The project will be based at the Leigh Marine Laboratory.

No specific prior experience is required. (Training will be provided.) The ideal candidate for us will be someone who enjoys working in a team and outdoors / on boats (and doesn't mind getting muddy!) but can also organise themselves and work independently in the lab.

Real time underwater noise monitoring system

Supervisor

Ben Lawrence

Discipline

Institute of Marine Science

Project code: SCI128

Project

The traditional approach to underwater noise monitoring is to deploy passive acoustic monitoring devices (hydrophones) for a period of time, then retrieve the devices to analyse the data. However, projects in sensitive marine environments require action to be take quickly if underwater noise levels are above a given threshold, or if species are identified in the area through click detection. Real-time underwater noise monitoring with the ability to send alerts to devices would significantly improve the management of underwater noise.

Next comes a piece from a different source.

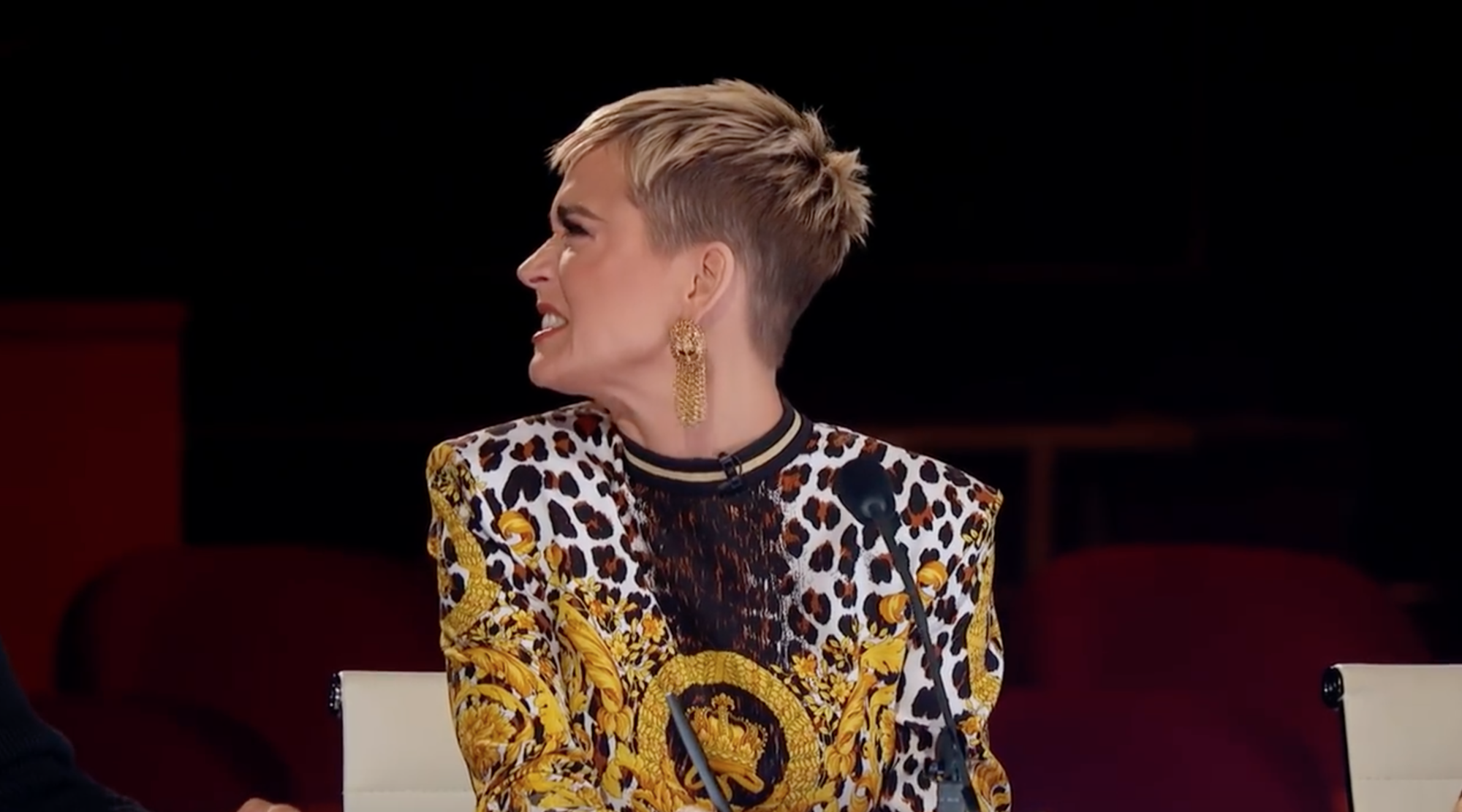 American Idol: Katy Perry và bạn gái thí sinh dằn mặt nhau trên sân khấu - Ảnh 5.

This project involves investigation potential systems that can monitor underwater noise levels and provide real time feedback to manage noise effects. Examples include:

  • Send an alert when noise levels exceed a given threshold
  • Send an alert when a species is detected (e.g. through click detections)

Requirement

An understanding or interest in underwater noise.

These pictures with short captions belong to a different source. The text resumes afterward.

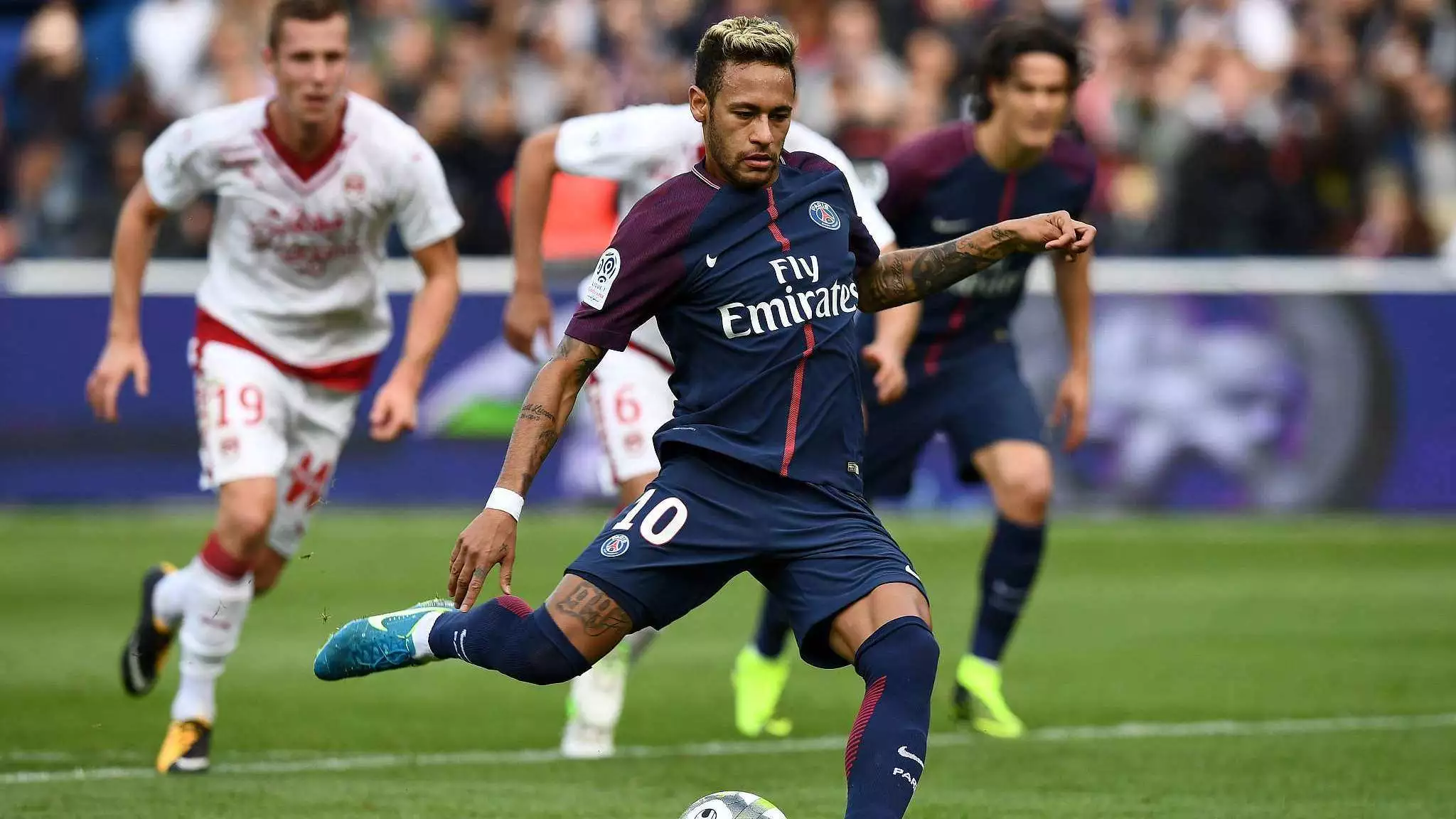 普里查德和沃尔什第二节得分均上双，上半场合砍28分9板6助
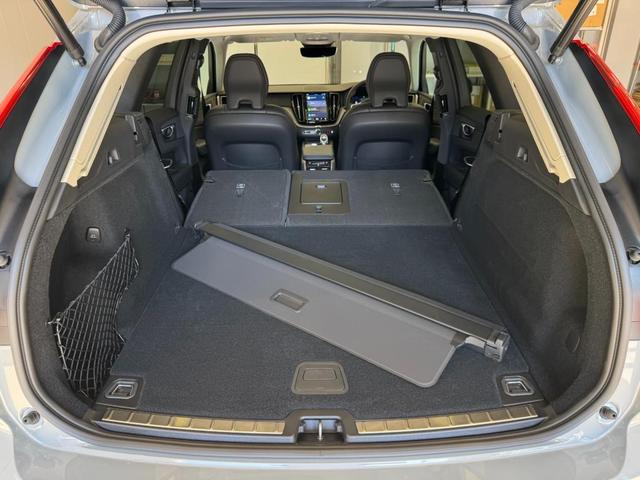 すべてのシートを倒せば車中泊もお手の物。フルフラットで段差も気にならず、快適にお使いいただけます。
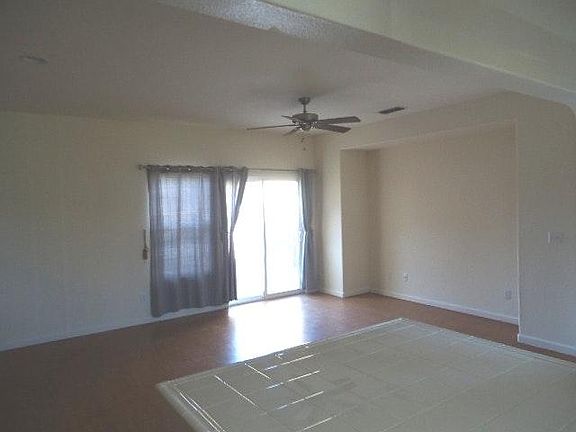 3rd image of 390 Summer Garden Way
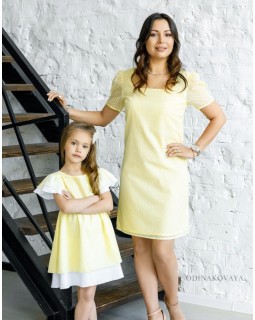 Комплект летних платьев в одном стиле для мамы и дочки Кортни М-2193 желтый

Explore new approaches to assessing the effects of underwater noise effects on marine life

Supervisor

Ben Lawrence

Discipline

Institute of Marine Science

Project code: SCI129

Project

Underwater noise is a rapidly evolving area and novel approaches are being developed to assess physiological and behavioural effects on sensitive marine species around the world. It is important that these new approaches are understood and included in assessments in New Zealand where relevant.

This project is to investigate approaches to assessing underwater noise effects that could benefit projects in New Zealand. This can include investigation of:

  • Underwater noise calculation methods and parameters in implementation in software packages such as dBSea
  • Inclusion of ecological data such as species prevalence, swim speeds/directions as modelling parameters
  • Mitigation measures
  • Methods to manage noise effects such as the use of drones to detect marine mammals

Required skills: understanding or interest in underwater noise effects.

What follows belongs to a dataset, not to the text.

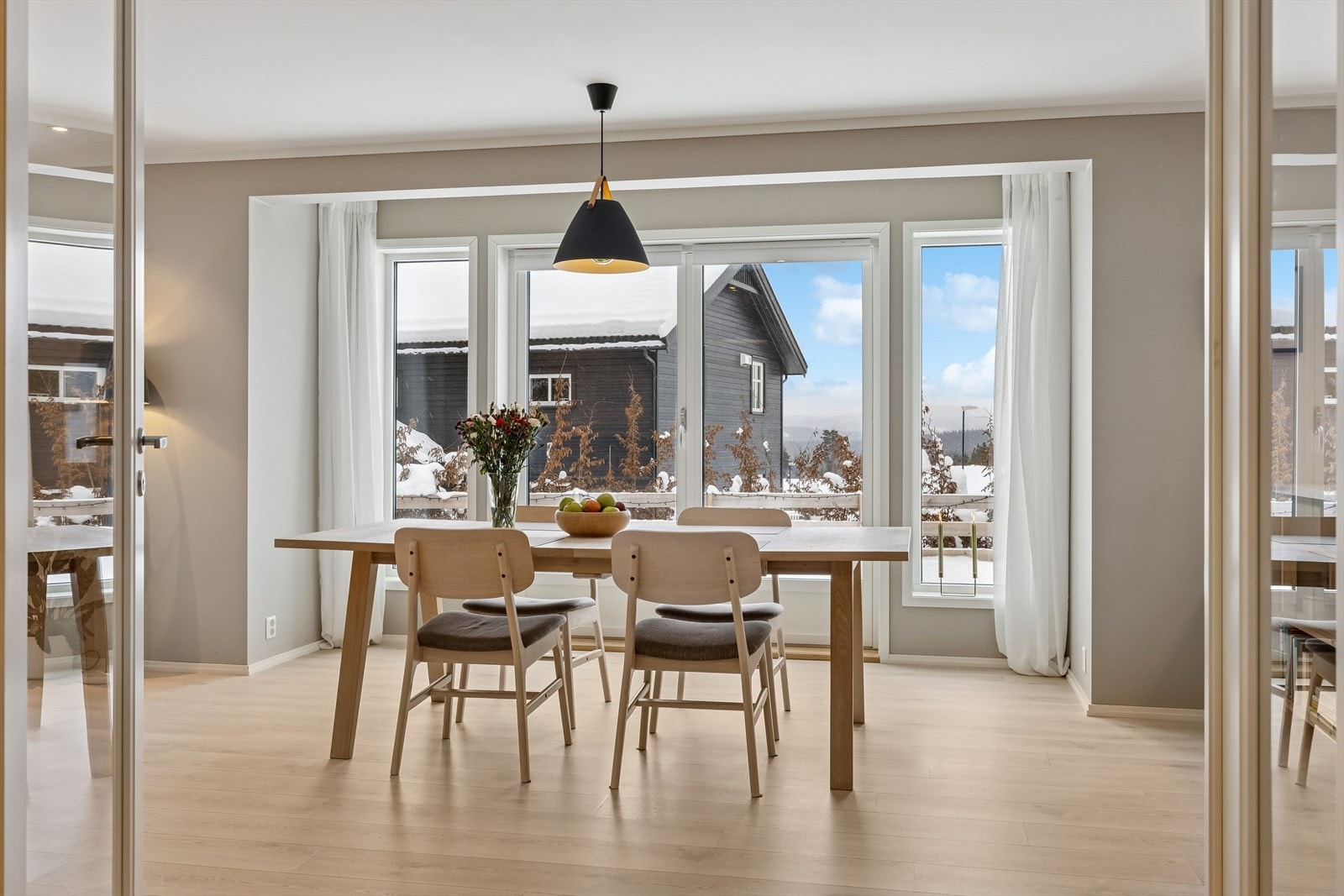 Store vindusflater slipper lyset inn på en herlig måte. Utvendig solskjerming på flere av vinduene bidrar samtidig til et behagelig inneklima Galleribilde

Predicting urchin barrens through benthic imagery

Supervisors

Arie Spyksma

Nick Shears

Discipline

Institute of Marine Science

Project code: SCI130

The sea urchin Centrostephanus rodgersii forming urchin barrens within the Poor Knights Marine Reserve.

Project

The climate-driven range expansion of the longspined sea urchin, Centrostephanus rodgersii, is one of the most urgent threats to kelp forests in northeastern New Zealand. Assessing this species impact over large spatial scales requires the collection and analysis of benthic imagery datasets.

This project will involve collecting and analysing benthic imagery that will contribute towards the training and testing of machine learning models being developed to rapidly predict and map the presence of C. rodgersii and C. rodgersii barrens across NE New Zealand.

This project will be based at the Leigh Marine Laboratory. It will involve field work and photo analysis so will suit someone with ability to work in both the field and at the computer.

Ideal student

Though not a requirement, the project could involve diving if the candidate had a SCUBA certification to rescue diver. Alternatively, someone with skills in computer programming would have the opportunity to assist with the machine learning development.